CONCLUSIONS: Altogether, our findings highlight the functional role of MELK as a promising target in molecular therapy and in the combination of RT therapy to improve antitumor effect for HCC.
摘要:
背景:肝细胞癌(HCC)的预后受其复杂的分子特征和多变的肿瘤微环境(TME)的限制。在这里,我们专注于阐明母体胚胎亮氨酸拉链激酶(MELK)在肿瘤发生中的功能后果,肝癌的进展和转移,探讨MELK对TME中免疫细胞调控的影响,同时明确相应的信令网络。
方法:生物信息学分析用于验证MELK对HCC的预后价值。鼠异种移植试验和HCC肺转移小鼠模型证实了MELK在HCC肿瘤发生和转移中的作用。荧光素酶测定,RNA测序,免疫纯化-质谱(IP-MS)和免疫共沉淀(CoIP)用于探索上游调节因子,肝癌MELK的下游必需分子及相应机制。
结果:我们证实MELK是HCC的可靠预后因素,并确定MELK是促进肿瘤发生的有效候选者。programming,和HCC的转移;MELK的作用取决于上游因子miR-505-3p的靶向调节和与STAT3的相互作用,从而诱导STAT3磷酸化并增加其靶基因CCL2在HCC中的表达。此外,我们证实肿瘤细胞固有的MELK抑制有利于刺激M1巨噬细胞极化,阻碍M2巨噬细胞极化和诱导CD8+T细胞募集,依赖于CCL2表达的改变。重要的是,MELK抑制增强了RT相关的免疫效应,从而与RT协同发挥实质性的抗肿瘤作用。OTS167,一种MELK抑制剂,还被证明可以有效地损害HCC的生长和进展,并与放射疗法(RT)结合使用具有出色的抗肿瘤作用。
结论:总而言之,我们的研究结果强调了MELK作为分子治疗和联合RT治疗改善HCC抗肿瘤效果的一个有前景的靶点的功能作用.

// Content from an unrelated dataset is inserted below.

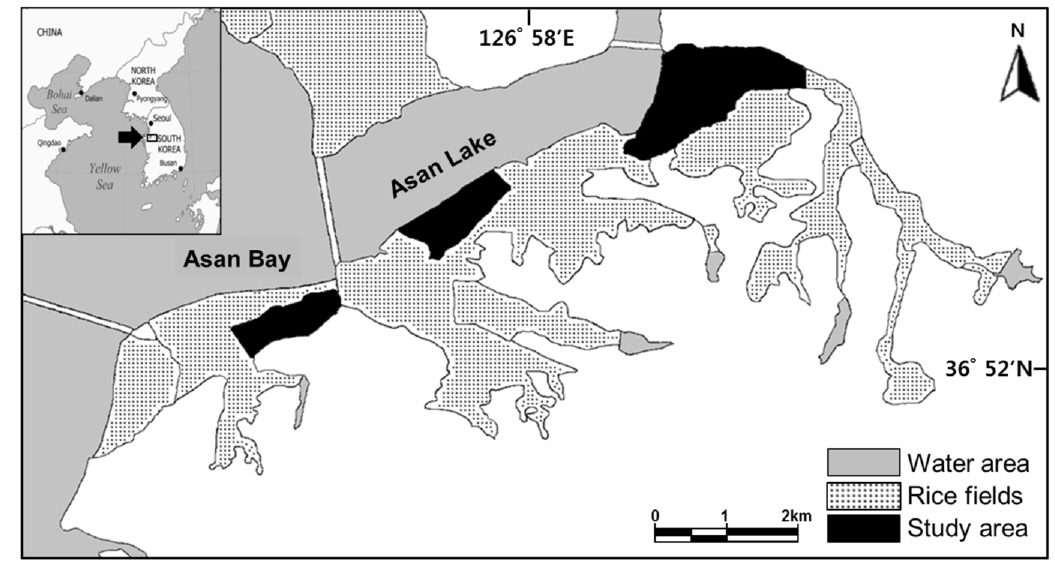 Map of the study areas, located around the Asan bay in Korea. The monitored rice field areas are presented in black.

方法:生物信息学分析用于验证MELK对HCC的预后价值。鼠异种移植试验和HCC肺转移小鼠模型证实了MELK在HCC肿瘤发生和转移中的作用。荧光素酶测定,RNA测序,免疫纯化-质谱(IP-MS)和免疫共沉淀(CoIP)用于探索上游调节因子,肝癌MELK的下游必需分子及相应机制。

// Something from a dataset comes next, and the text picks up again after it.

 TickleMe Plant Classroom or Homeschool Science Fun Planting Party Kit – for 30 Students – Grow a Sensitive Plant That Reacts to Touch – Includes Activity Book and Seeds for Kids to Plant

结果:我们证实MELK是HCC的可靠预后因素,并确定MELK是促进肿瘤发生的有效候选者。programming,和HCC的转移;MELK的作用取决于上游因子miR-505-3p的靶向调节和与STAT3的相互作用,从而诱导STAT3磷酸化并增加其靶基因CCL2在HCC中的表达。此外,我们证实肿瘤细胞固有的MELK抑制有利于刺激M1巨噬细胞极化,阻碍M2巨噬细胞极化和诱导CD8+T细胞募集,依赖于CCL2表达的改变。重要的是,MELK抑制增强了RT相关的免疫效应,从而与RT协同发挥实质性的抗肿瘤作用。OTS167,一种MELK抑制剂,还被证明可以有效地损害HCC的生长和进展,并与放射疗法(RT)结合使用具有出色的抗肿瘤作用。
结论:总而言之,我们的研究结果强调了MELK作为分子治疗和联合RT治疗改善HCC抗肿瘤效果的一个有前景的靶点的功能作用.